In high school also, my coach introduced me to the idea of virtues: those good and stable habits that generally make you a good human being, a dependable worker, a loyal friend and cheerful colleague.
With this kind of background, you can imagine with what great interest then that in a talk I attended in a recollection not so long ago, I heard a quotation from none other than Pope Pius XII! Let me mention first that I was surprised that a whole Pope would be writing something on sports… I knew Pope St. John Paul II loved skiing and canoeing and I have to admit I found that very cool! Then I heard this quotation from Pope Pius and I was impressed!
“Sport, properly directed, develops character, makes a person courageous, a generous loser, and a gracious victor; it refines the senses, gives intellectual penetration, and steels the will to endurance. It is not merely a physical development then. Sport, rightly understood, is an occupation of the whole person, and while perfecting the body as an instrument of the mind, it also makes the mind itself a more refined instrument for the search and communication of truth…”
“…develops character…” I think I was fortunate – even blessed – that one of my coaches in high school was very clear that being called up to play in his team meant that he would make many hard and irritating demands on me, more than my own mentor in school and perhaps even more than my own parents. Playing for his team in his view was not just about skill and scores, but about the kind of person myself and all the other drafts would become. And sure enough, he would really push us physically in each training session and in the workouts he expected us to do on our own at home; in our general conduct in school and in our performance in our academic work. I thought this was all a joke until during the April holidays he had us report to school at 7am, run laps for 45min, freshen up, change and then study for 5 hours. After lunch we had training for 3 hours. That’s how serious he was as a coach. And my teammates and I quickly got the idea of the kind of men he expects on the pitch.

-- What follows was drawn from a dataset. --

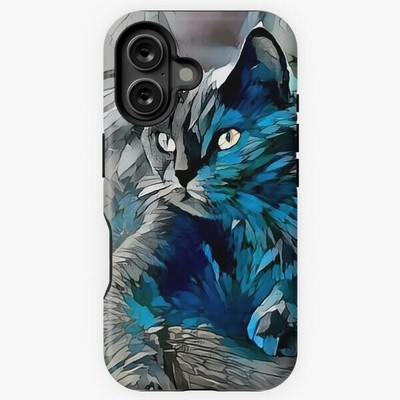 Cat papercut iPhone Case iPhone 12-16 pro max Samsung Galaxy S21-S24 Tough Case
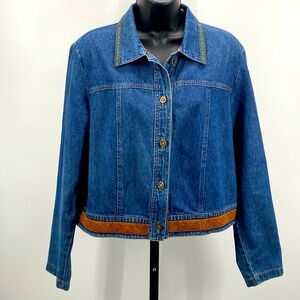 STUDIO EASE l Womens Denim Jean Jacket l Size 10 l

“…makes a person courageous…” The number of instances I’ve seen teammates and young sports men dig in for that extra kilogram of courage or fortitude to overlook some overwhelming pain or discomfort and focus on the matter at hand could compile a whole entire book! One coach from Eastlands College of Technology narrates of a Form 3 boy who broke his left hand in a tournament and he had to move around with the boy hopping from one hospital to another. Eventually at 8pm they landed at Kiambu Level 5 Hospital where they would charge 250,000/- for surgery! The boy simply could not afford that kind of money! So we opted to have the hand stretched manually – and painfully! – and cast it. We had to excuse his mother and pin him down during the operation… To cut the story short, a lot of fortitude was needed and the young man did not want his mum to see his weakness. He wants to go back to rugby and even more he is encouraging others who fear the sport and telling them of his experience.